What to work on:
In the records below, find the line with "Mercedes-Benz G-Klasse W463", then copy each line exactly until you have copied the line with "Biante Dekoračný obdĺžnikový". Leave any picture out.

Exercise data:
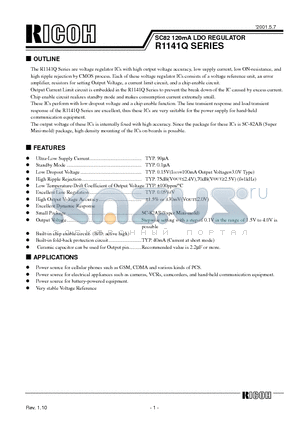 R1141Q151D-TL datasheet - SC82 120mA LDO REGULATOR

--

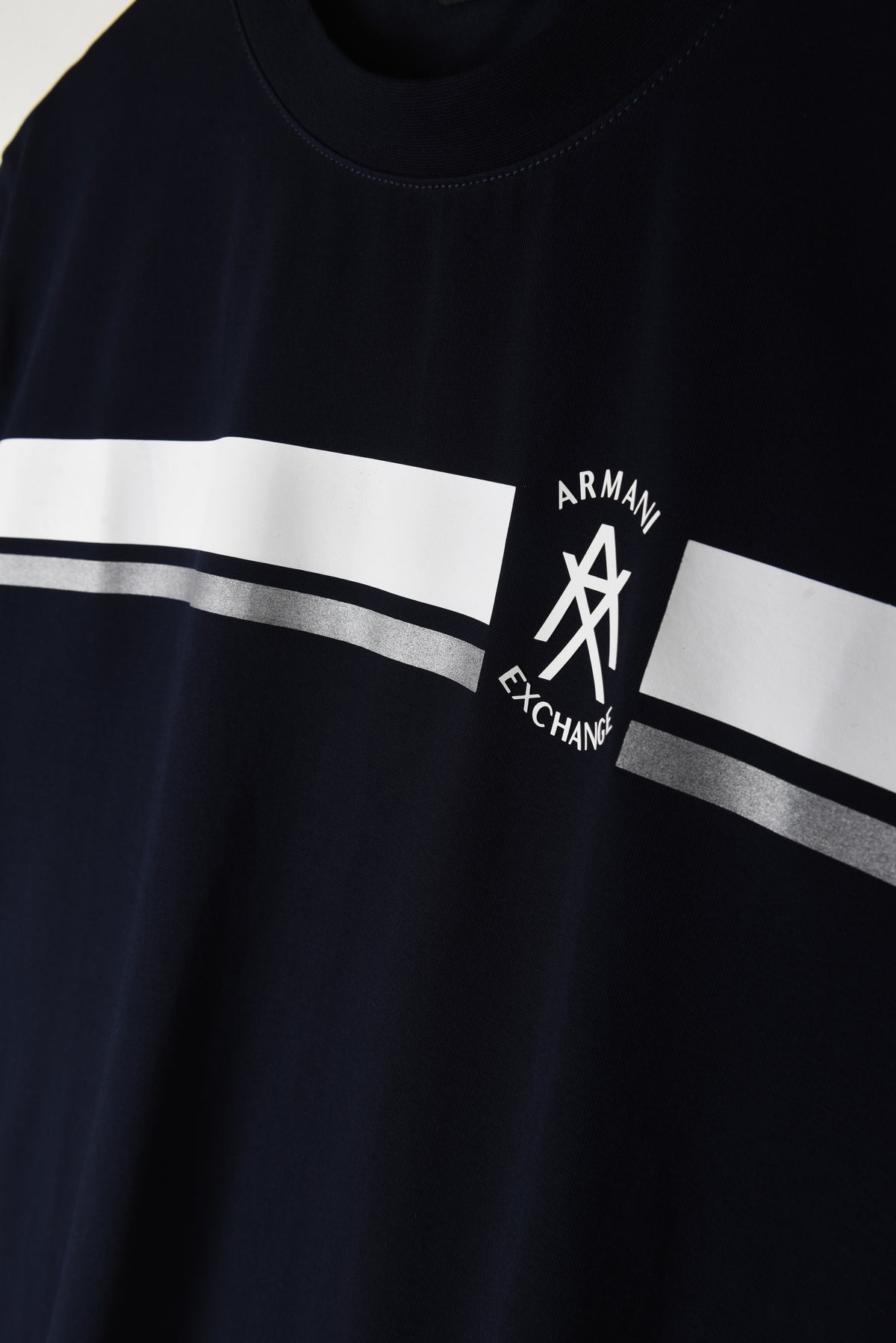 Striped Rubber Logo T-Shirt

--

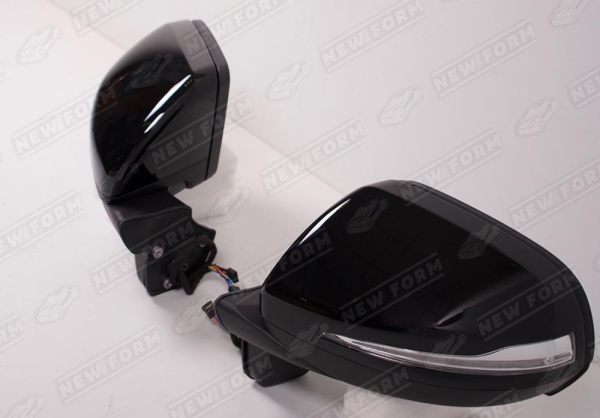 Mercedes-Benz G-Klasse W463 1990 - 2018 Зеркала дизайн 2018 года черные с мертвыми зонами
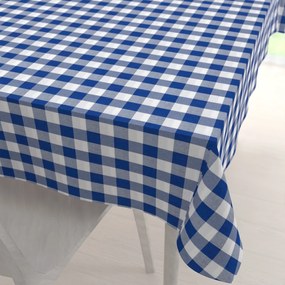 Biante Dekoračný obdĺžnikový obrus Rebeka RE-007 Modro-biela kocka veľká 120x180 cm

Output for this task:
 Mercedes-Benz G-Klasse W463 1990 - 2018 Зеркала дизайн 2018 года черные с мертвыми зонами
 Biante Dekoračný obdĺžnikový obrus Rebeka RE-007 Modro-biela kocka veľká 120x180 cm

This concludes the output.